The applications, McQuillin points out, are designed to address the needs of process manufacturers. Those unique needs include the ability to engineer products that are comprised almost exclusively of chemicals or liquids as opposed to discrete components. The manufacturing and supply chain products also are equipped to optimize the movement of raw materials that must be mixed and blended in specific ways in order to consistently produce and deliver the right finished products at the right time.

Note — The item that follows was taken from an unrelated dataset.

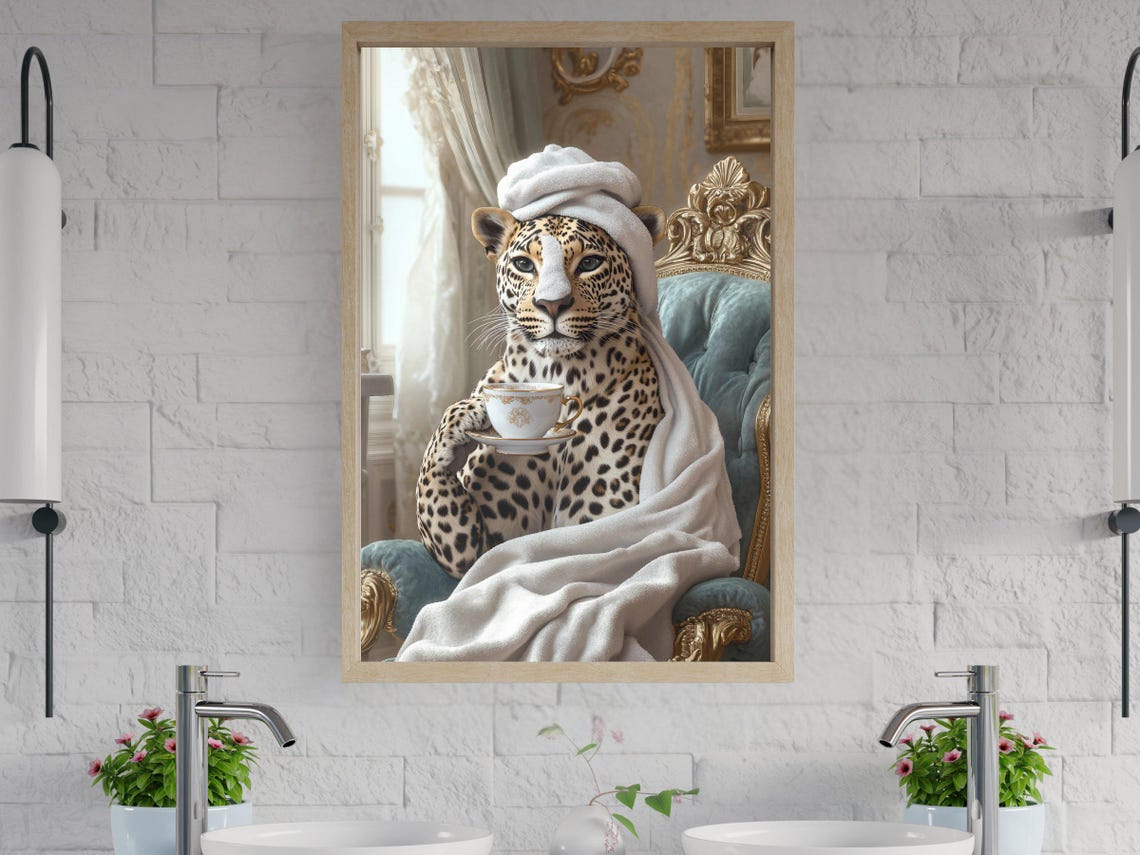 Leopard in a Towel Turban Sipping Tea on a Velvet Chair Poster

Over the past year, McQuillin says, Aspen Technology has worked to make its applications capable of supporting e-Business. "The heart of e-Business is collaboration," McQullin says. "That means enterprises reaching out beyond their internal boundaries to communicate, in real-time, with customers, suppliers and other partners.
Ideal deployment
The operators of a public trading exchange known as e-Chemicals.com, Addison, Texas, are among a handful of organizations that deployed the Aspen Marketplace Solution before its official release. And McQuillin points to that implementation as an example of how Aspen Technology would like most of its customers to use the new platform.
In addition to providing a place for companies to either buy or sell products, e-Chemicals hosts a set of backend applications that its members can use to plan their own production schedules and coordinate the delivery of goods. Those backend applications also are provided by Aspen Technology.
Aspen Technology deviated from its practice of acquiring companies to build its marketplace solution, and instead chose to partner with vendors who specialize in providing e-Business functionality. The commerce engine is comprised of technology supplied by BroadVision, Redwood City, Calif. Moai Technologies, San Francisco, provided an application that allows companies to locate and negotiate with suppliers of strategic commodities. A product called WebSphere from IBM, Armonk, N.Y., serves as an integration platform, making it possible for companies that belong to an exchange to share information coming from their disparate business systems.
McQuillin says relying on e-commerce specialists to create the Marketplace Solution allowed Aspen Technology to quickly offer essential collaborative tools and still focus on its core expertise. Specifically, he says, that expertise is helping process manufacturers optimize their business processes by modeling, automating, and integrating them.
"Our heritage is proving to be a great asset in the world of e-Business," McQuillin says. "Because the true value of e-Business comes from first figuring out how to optimize business processes, and then having those optimized processes span the enterprise."